*WORK REQUEST*
Under this line is a listing; return exactly the lines starting at the one with "Injectable Ao2 G-aenial" and running down to the one with "Florida Panthers, Noel Acciari", and leave out its pictures.

*THE INPUT*
= = = =
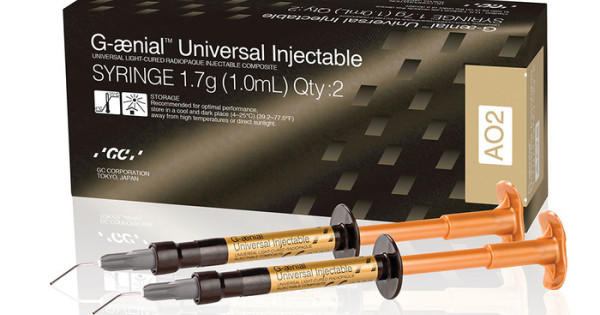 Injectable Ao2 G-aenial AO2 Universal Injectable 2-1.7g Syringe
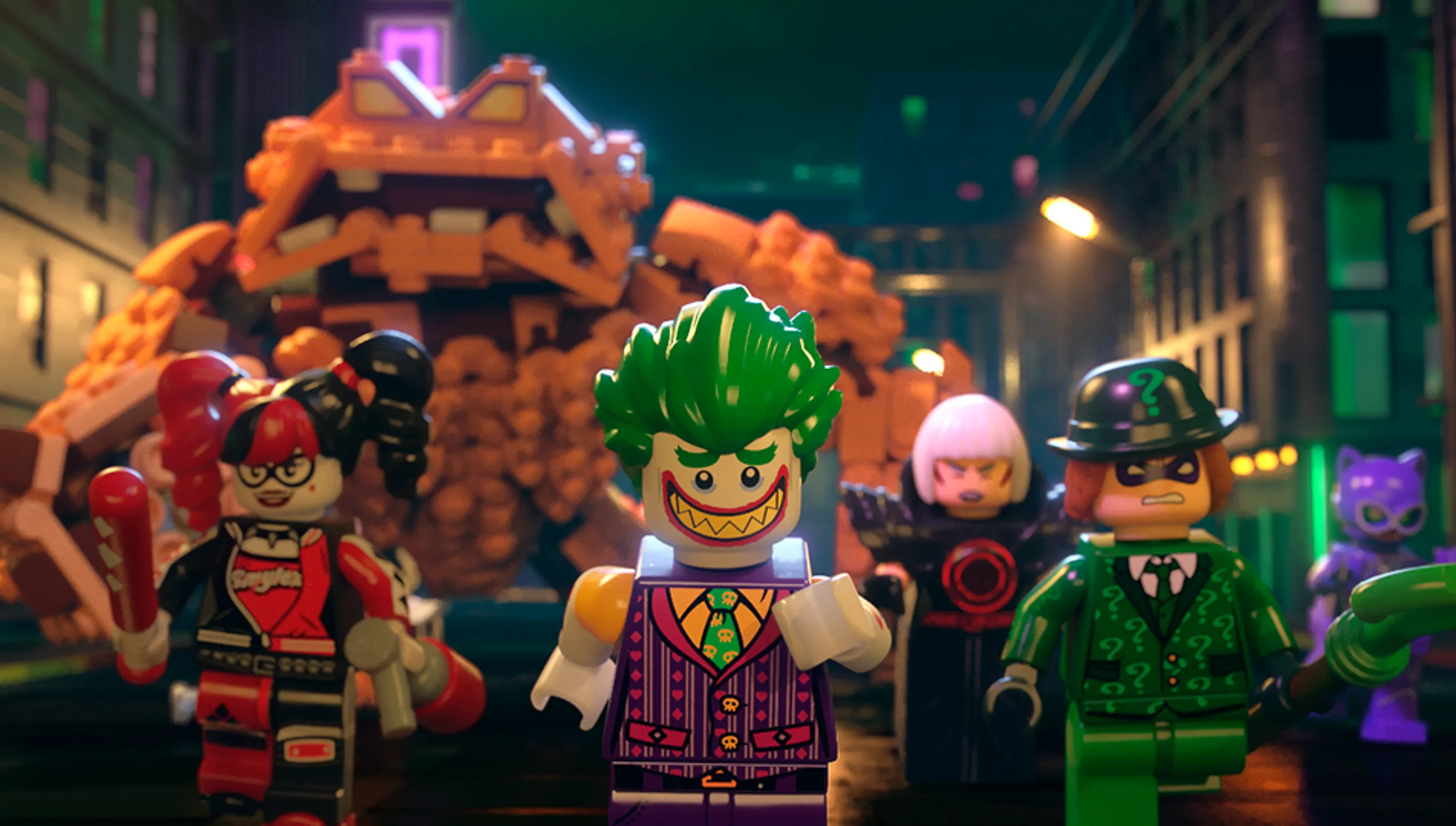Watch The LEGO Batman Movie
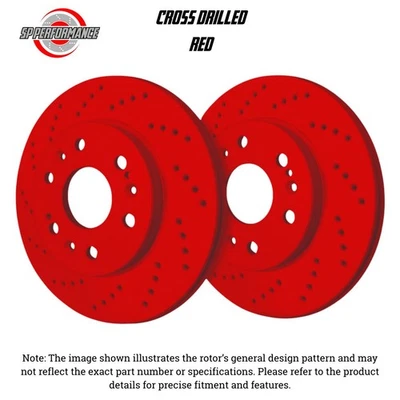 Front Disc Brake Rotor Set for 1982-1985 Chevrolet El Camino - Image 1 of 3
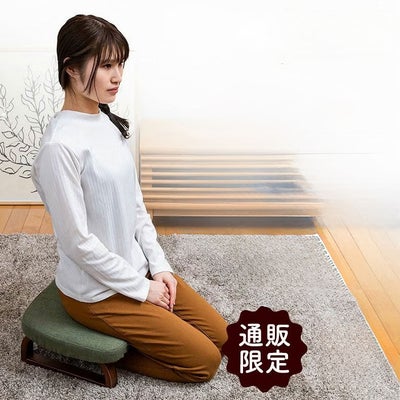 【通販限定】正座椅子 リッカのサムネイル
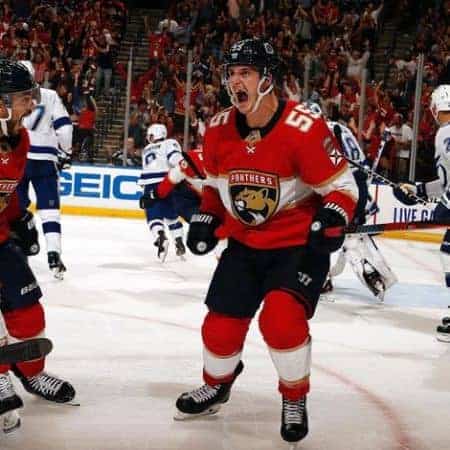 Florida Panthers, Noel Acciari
= = = =
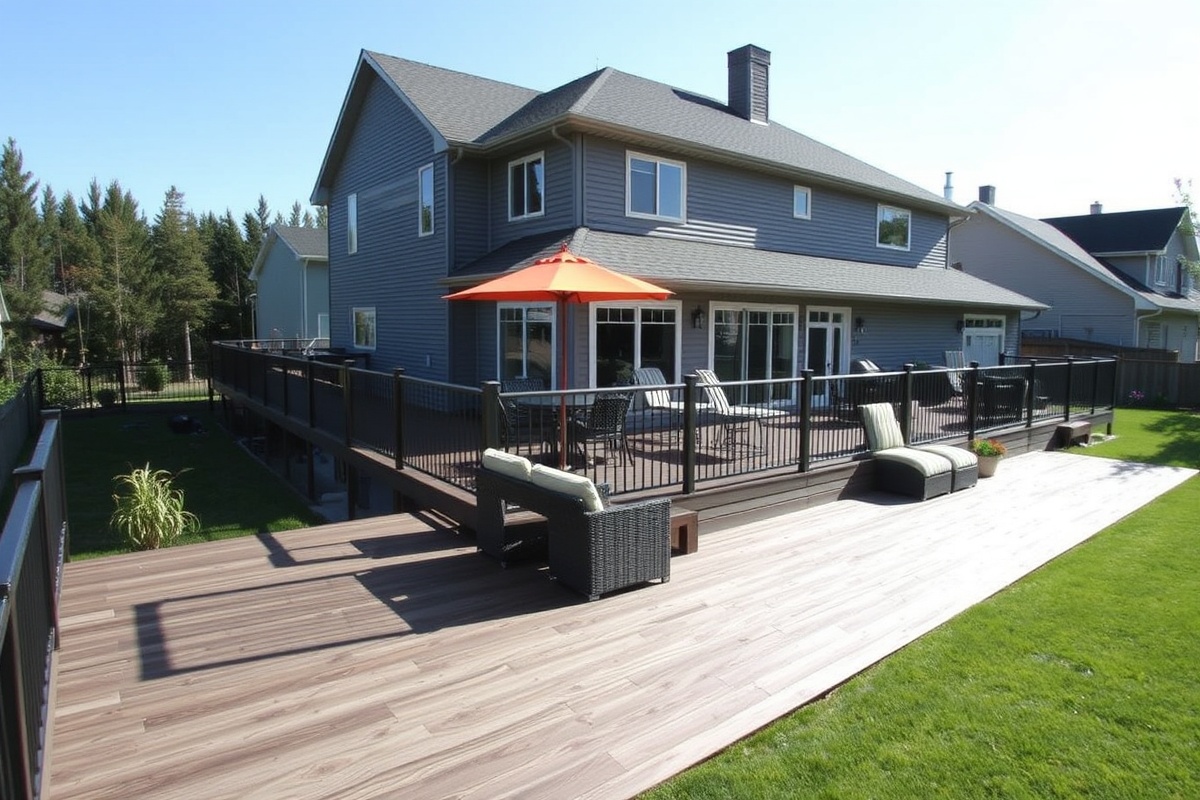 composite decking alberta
= = = =
*WRITTEN SOLUTION*
 Injectable Ao2 G-aenial AO2 Universal Injectable 2-1.7g Syringe
Watch The LEGO Batman Movie
 Front Disc Brake Rotor Set for 1982-1985 Chevrolet El Camino - Image 1 of 3
 【通販限定】正座椅子 リッカのサムネイル
 Florida Panthers, Noel Acciari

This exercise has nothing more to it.